Image-caption web data
- - - - -
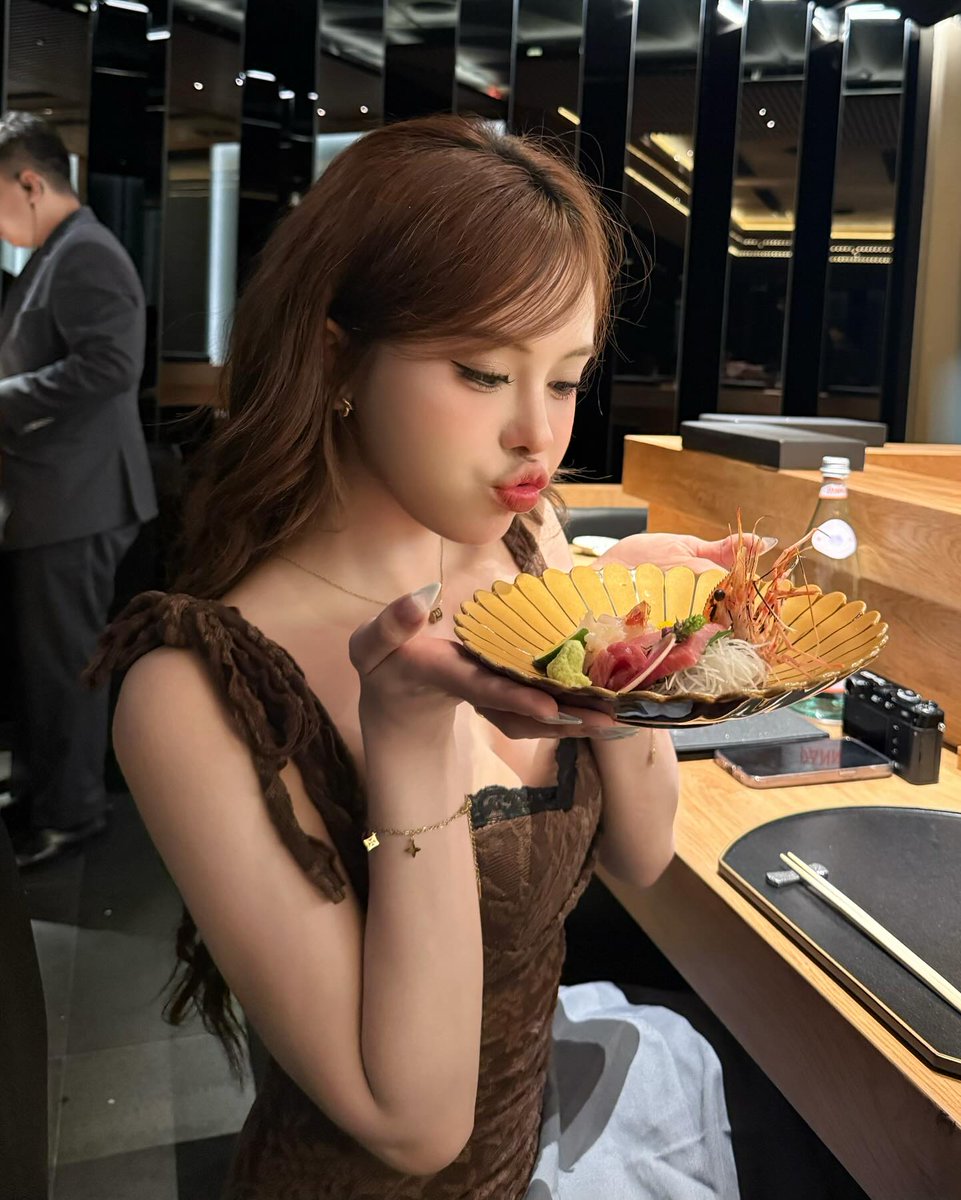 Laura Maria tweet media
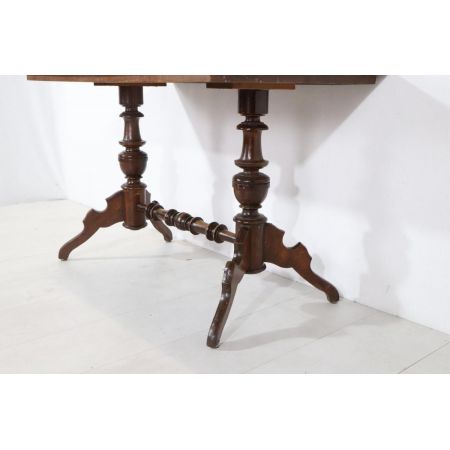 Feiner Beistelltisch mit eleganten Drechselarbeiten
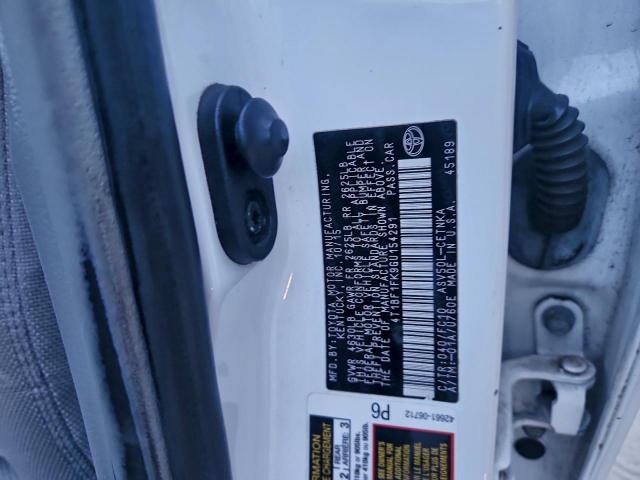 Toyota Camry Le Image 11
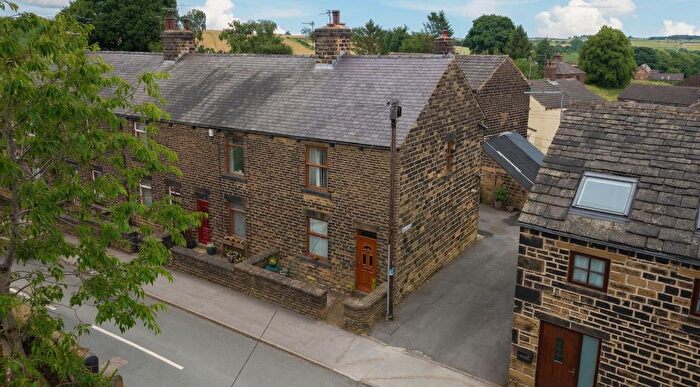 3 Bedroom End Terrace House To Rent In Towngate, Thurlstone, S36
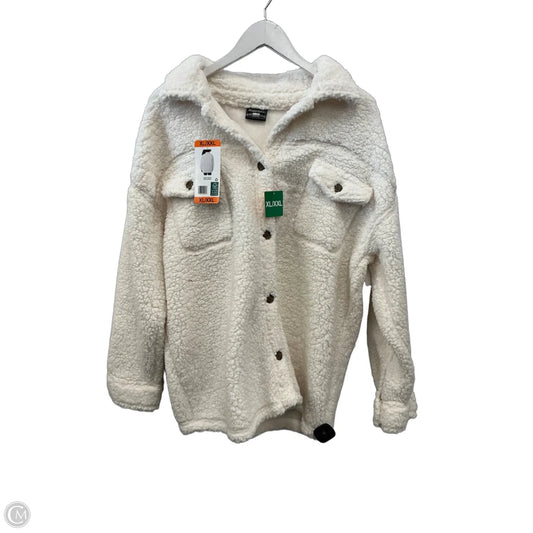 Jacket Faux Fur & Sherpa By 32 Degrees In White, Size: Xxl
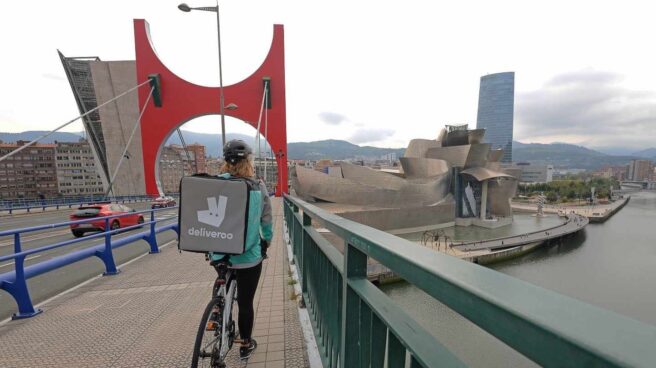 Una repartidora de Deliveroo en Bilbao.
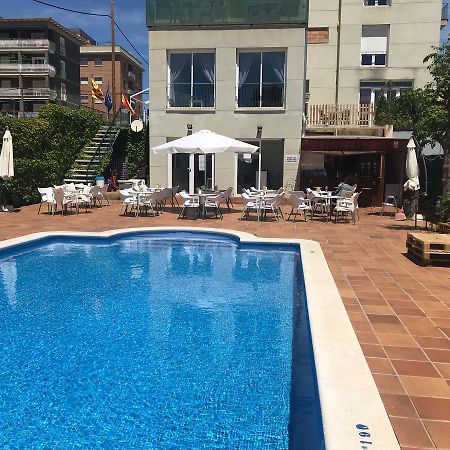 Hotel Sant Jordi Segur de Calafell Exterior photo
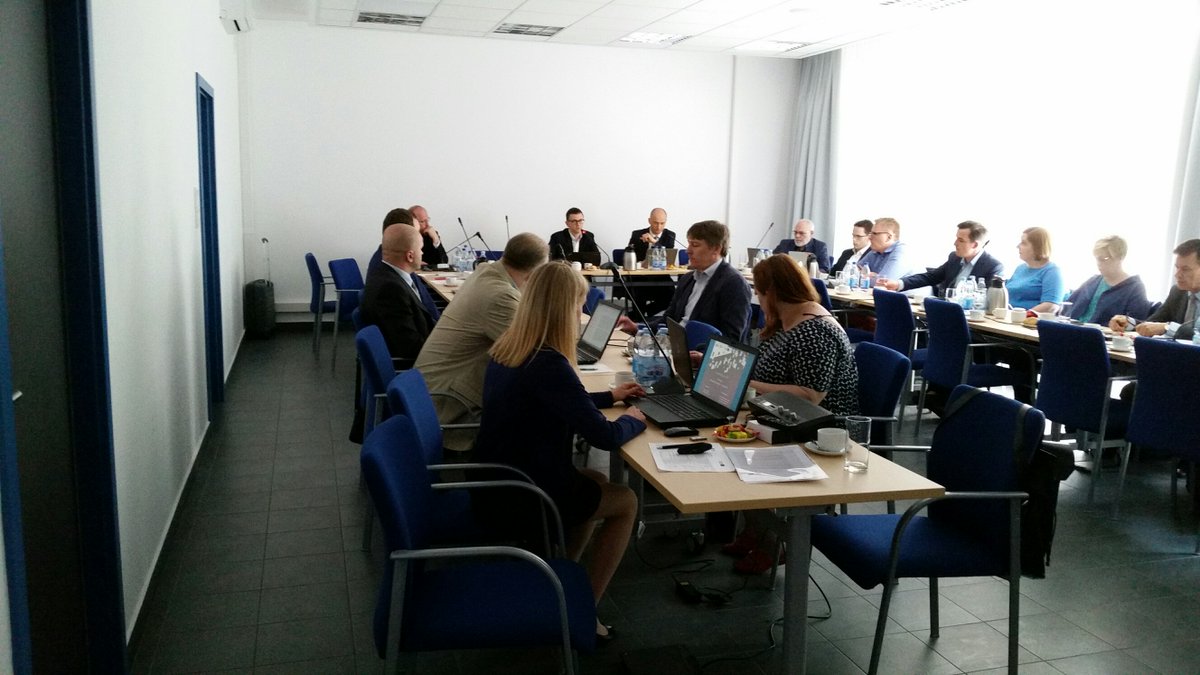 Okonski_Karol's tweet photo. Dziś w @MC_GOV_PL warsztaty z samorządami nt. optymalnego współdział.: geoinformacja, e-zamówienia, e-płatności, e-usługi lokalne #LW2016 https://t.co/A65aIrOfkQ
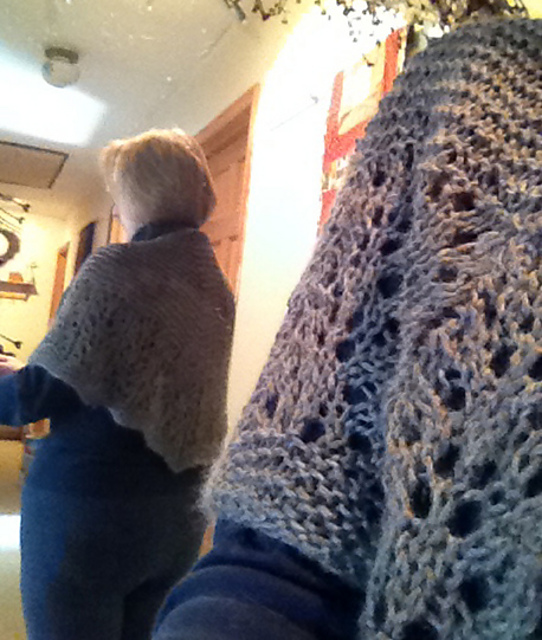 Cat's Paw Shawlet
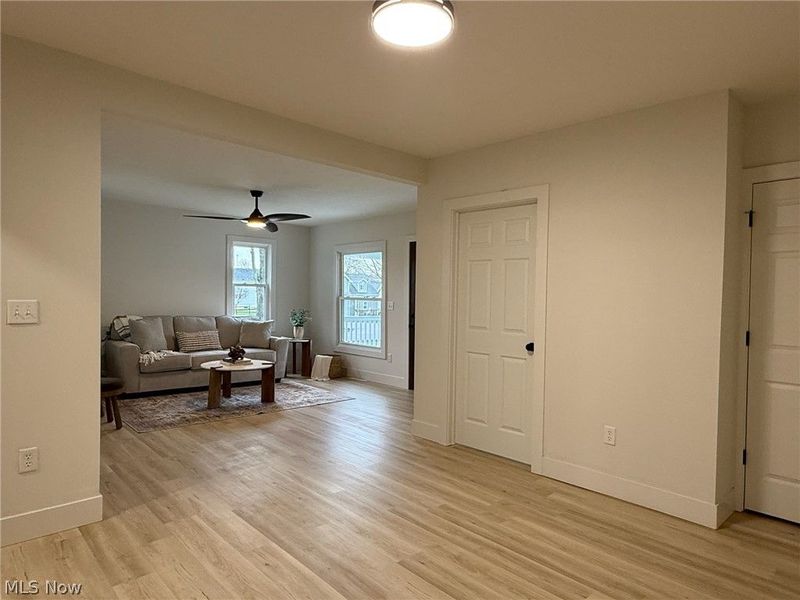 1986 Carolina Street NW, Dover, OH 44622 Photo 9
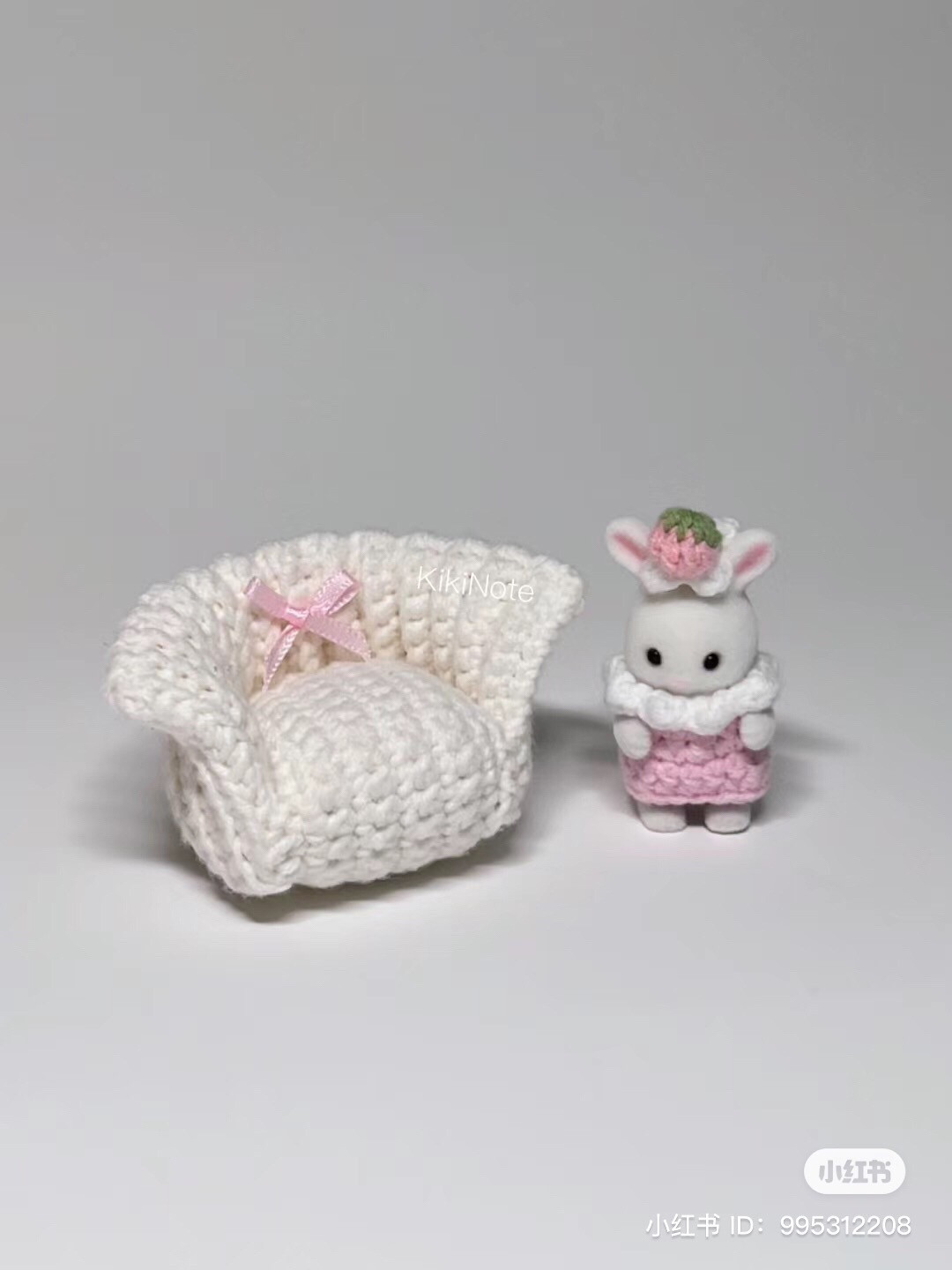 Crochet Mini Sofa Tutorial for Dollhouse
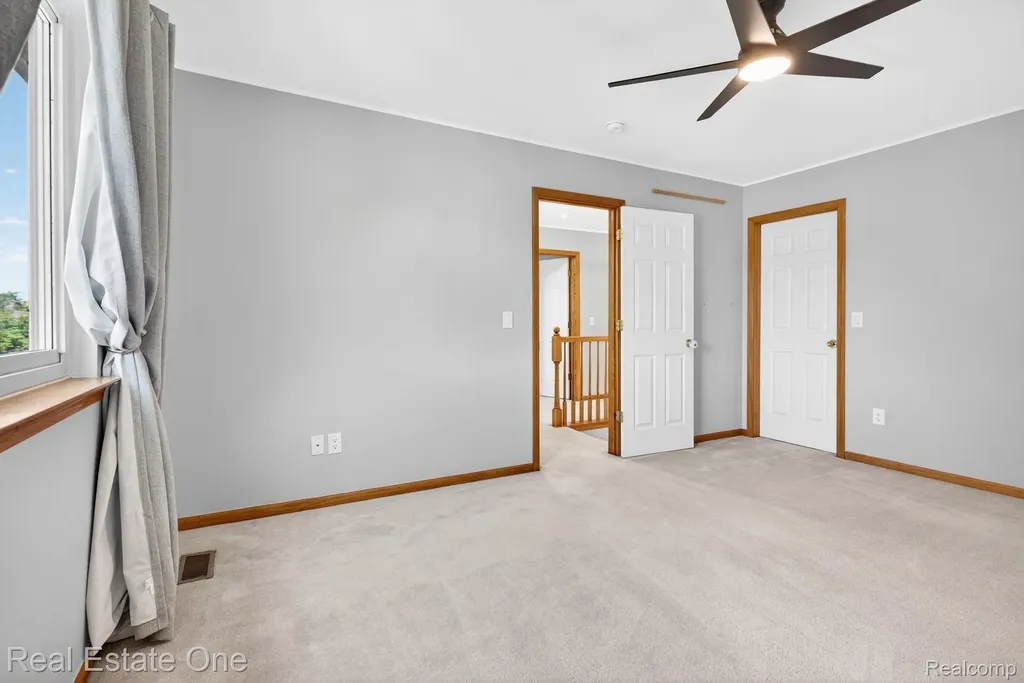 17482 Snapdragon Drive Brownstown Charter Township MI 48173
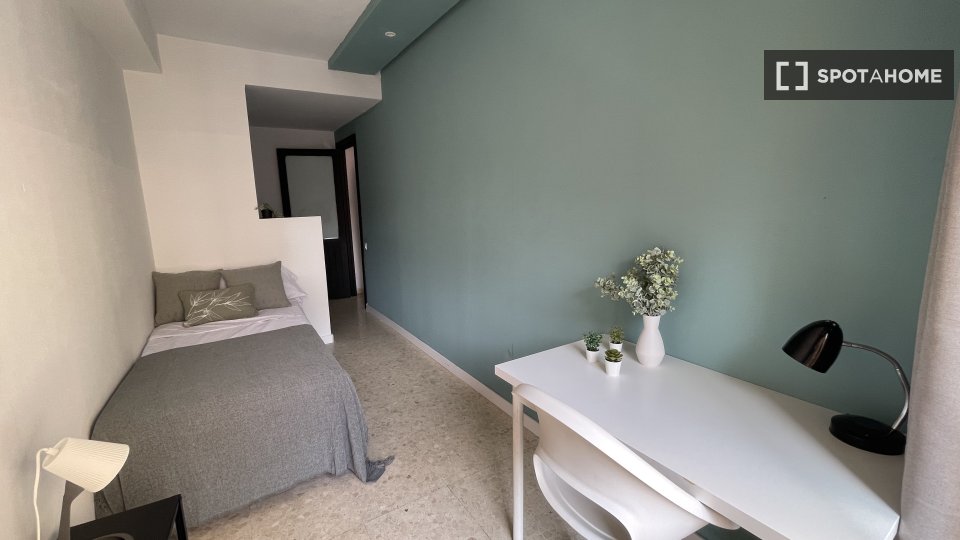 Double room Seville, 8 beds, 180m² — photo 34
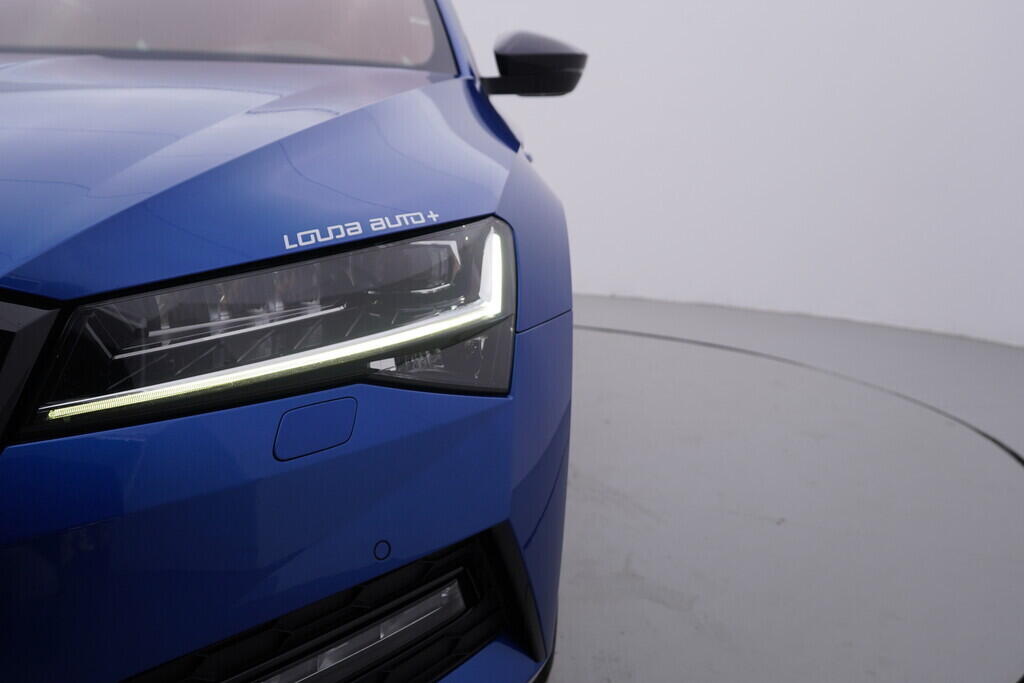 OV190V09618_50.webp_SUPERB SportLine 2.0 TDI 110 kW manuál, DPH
- - - - -
EXERCISE GOAL: Word for word, give the data above again, without any images.

WORKED SOLUTION:
 Laura Maria tweet media
 Feiner Beistelltisch mit eleganten Drechselarbeiten
 Toyota Camry Le Image 11
 3 Bedroom End Terrace House To Rent In Towngate, Thurlstone, S36
 Jacket Faux Fur & Sherpa By 32 Degrees In White, Size: Xxl
 Una repartidora de Deliveroo en Bilbao.
 Hotel Sant Jordi Segur de Calafell Exterior photo
 Okonski_Karol's tweet photo. Dziś w @MC_GOV_PL warsztaty z samorządami nt. optymalnego współdział.: geoinformacja, e-zamówienia, e-płatności, e-usługi lokalne #LW2016 https://t.co/A65aIrOfkQ
 Cat's Paw Shawlet
 1986 Carolina Street NW, Dover, OH 44622 Photo 9
 Crochet Mini Sofa Tutorial for Dollhouse
 17482 Snapdragon Drive Brownstown Charter Township MI 48173
 Double room Seville, 8 beds, 180m² — photo 34
 OV190V09618_50.webp_SUPERB SportLine 2.0 TDI 110 kW manuál, DPH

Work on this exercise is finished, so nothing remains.